Before I can bring this up at a town hall meeting, though, I have to be able to answer people’s questions about what and why I want to do this. I can’t just say, “It’s for the good of the town!” even though it is. Aside from being a cliché, it doesn’t really say anything about the benefits. I’ll have to have an answer when they come back with, “But why?”
I called the State Historic Preservation Office to find out what I had to do. It is going to be a long process, true. First we have to fill out preliminary paperwork, and then we will get a determination if we meet the criteria—although the criteria is basically a) is it old b) does it still reasonably look like it did c) is it significant in some way? Since there is a whole Main Street preservation arm here in Illinois, I assume we have the significant part down. And the buildings here were mostly built in the 1950s, so they’re old enough. Not much has been done—not for lack of need, honestly—as far as renovations go, so we should be good there too.

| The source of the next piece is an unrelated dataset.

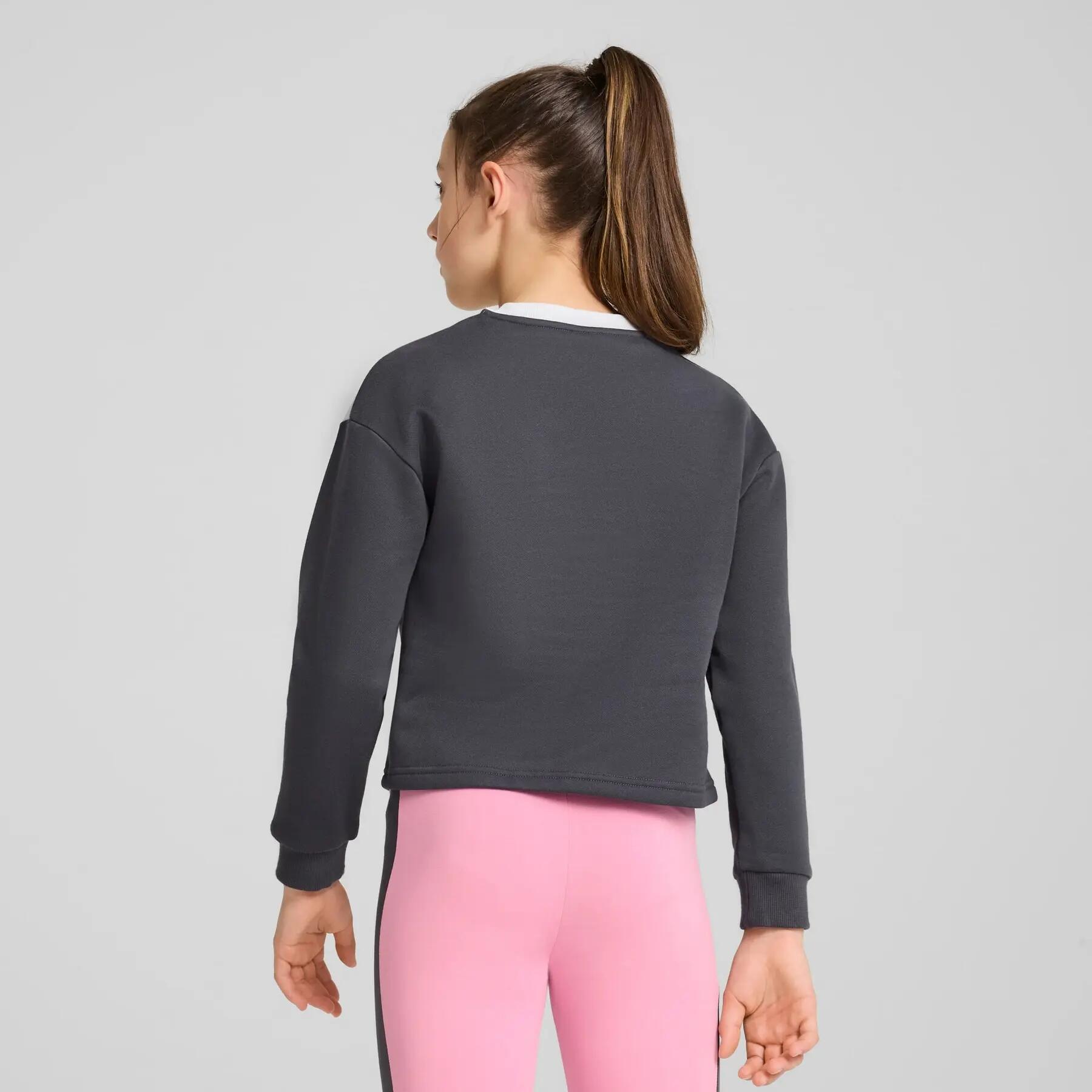 Sudadera Puma POWER CREW FL para niña, color gris, 68178769, talla 164 4/5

If we’re up for consideration, they have a council meeting to discuss our applications. If we make the cut here, then everything gets forwarded to the National Park service in Washington, DC for the final review. If it happens, then we get added to the registry. Then we can get access to grants for renovations, we get access to information on how to renovate and architectural plans, and there are tax incentives depending on what type of building it is.
Plus, I don’t think people know that they still maintain control of their own building. In other words, the government doesn’t get involved if Bob wants to sell the hardware store or if he wants to remodel it in some way. Nobody has to restore their property to exactly what it looked like when the building was new, either. On the other hand, if they do decide to renovate, they can get federal money. We can get reimbursed for things like architectural plans, too. I know some people have been nervous because their buildings are not exactly up to handicapped accessible codes, and we can get special compensation to get them up to code there too.
I really can’t see a downside here.
I hope that I sound confident and informed when I go before the town in a couple of weeks. Wish me luck!